→ About this task: No pictures, everything else exact: set down the entries in full.

→ Extracted data:
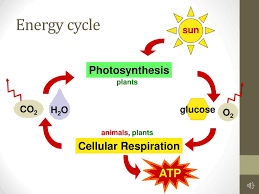 Photosynthesis Ppt Download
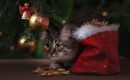 Cinco regalos que no puedes dejar escapar para tu gato en estas Navidades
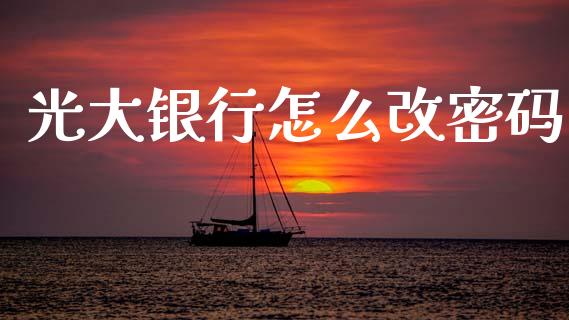 光大银行怎么改密码_https://wap.fcdydaikuan.com_投资策略_第1张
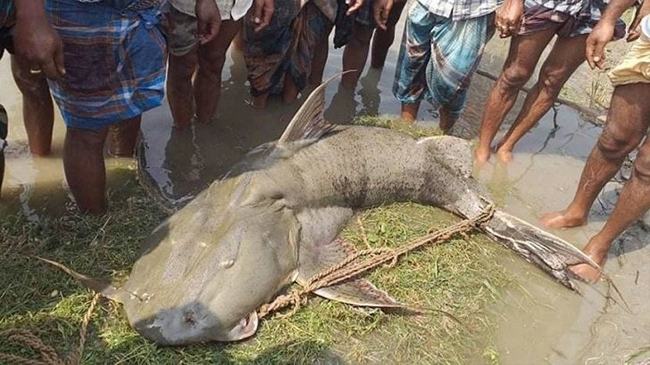 জেলের জালে ১১০ কেজির বাঘাইর, বিক্রি হয়েছে ১ লাখ ১১ হাজারে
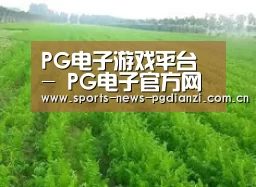 种植基地四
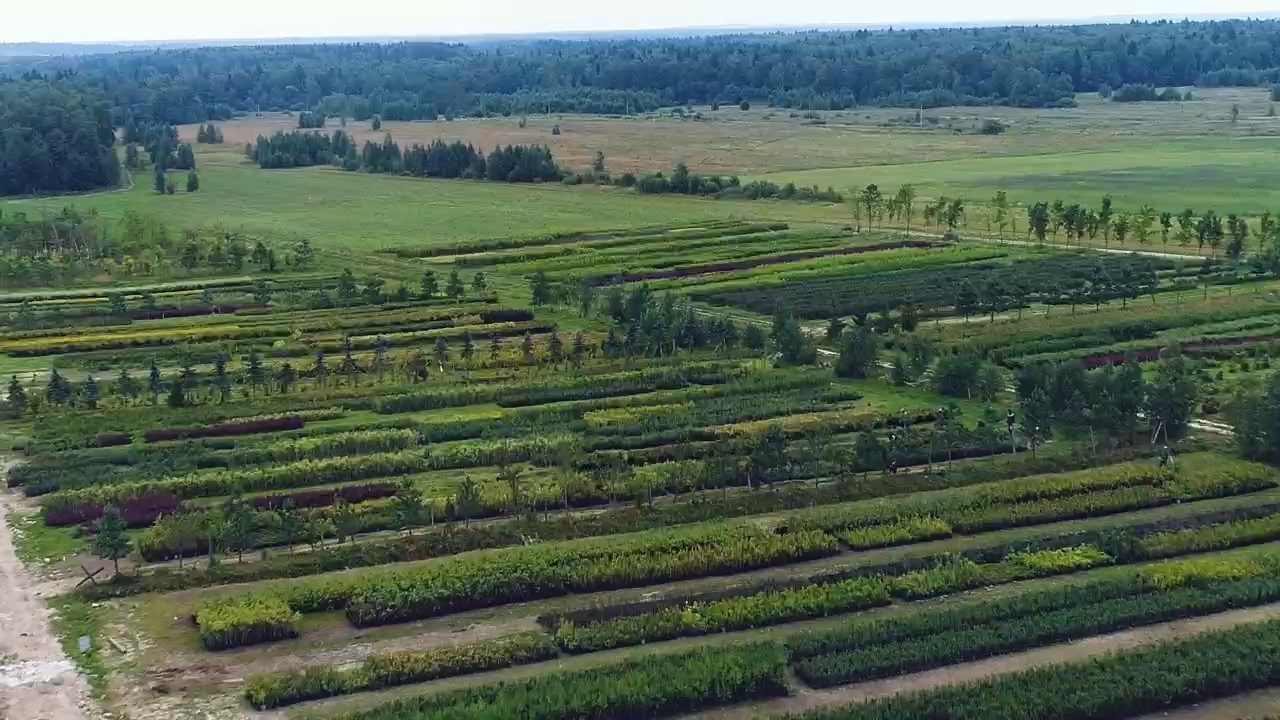 Поля питомника «Рождествено» с рядами деревьев - аэросъёмка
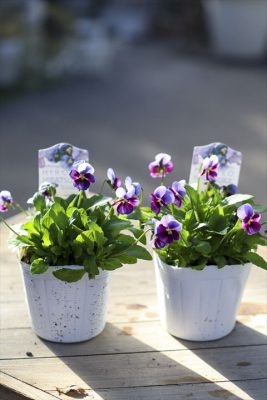 写真 2025-12-22 9 45 22_R_1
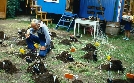 Löwenzahn | TV-Programm von zdf_neo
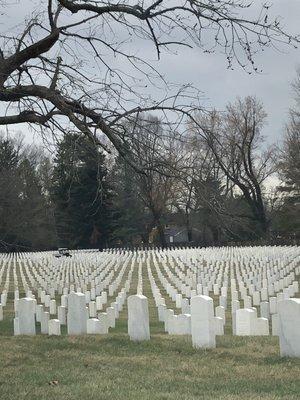 Graves of our fallen heroes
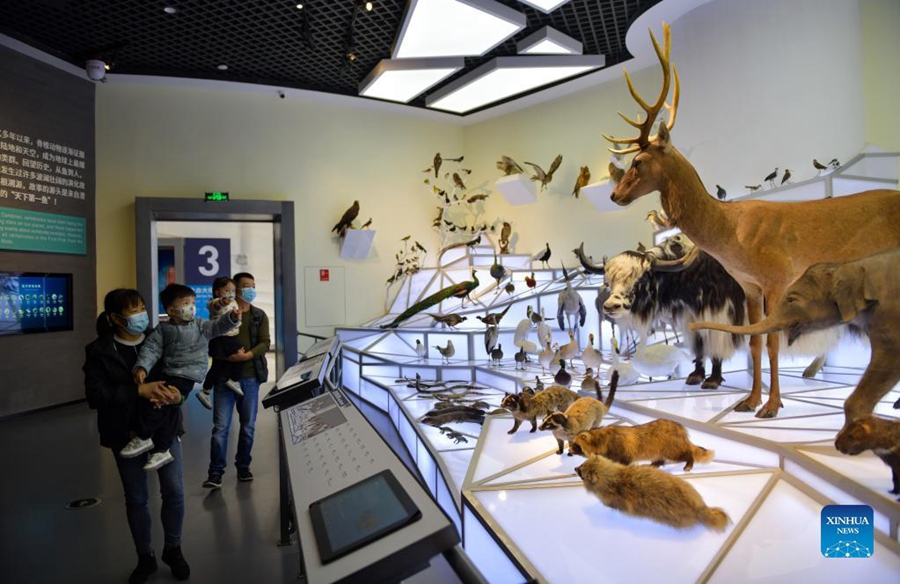 Galeria: Museu Arqueológico de Chengjiang, Yunnan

→ Written solution:
 Photosynthesis Ppt Download
 Cinco regalos que no puedes dejar escapar para tu gato en estas Navidades
 光大银行怎么改密码_https://wap.fcdydaikuan.com_投资策略_第1张
 জেলের জালে ১১০ কেজির বাঘাইর, বিক্রি হয়েছে ১ লাখ ১১ হাজারে
 种植基地四
 Поля питомника «Рождествено» с рядами деревьев - аэросъёмка
 写真 2025-12-22 9 45 22_R_1
 Löwenzahn | TV-Programm von zdf_neo
 Graves of our fallen heroes
 Galeria: Museu Arqueológico de Chengjiang, Yunnan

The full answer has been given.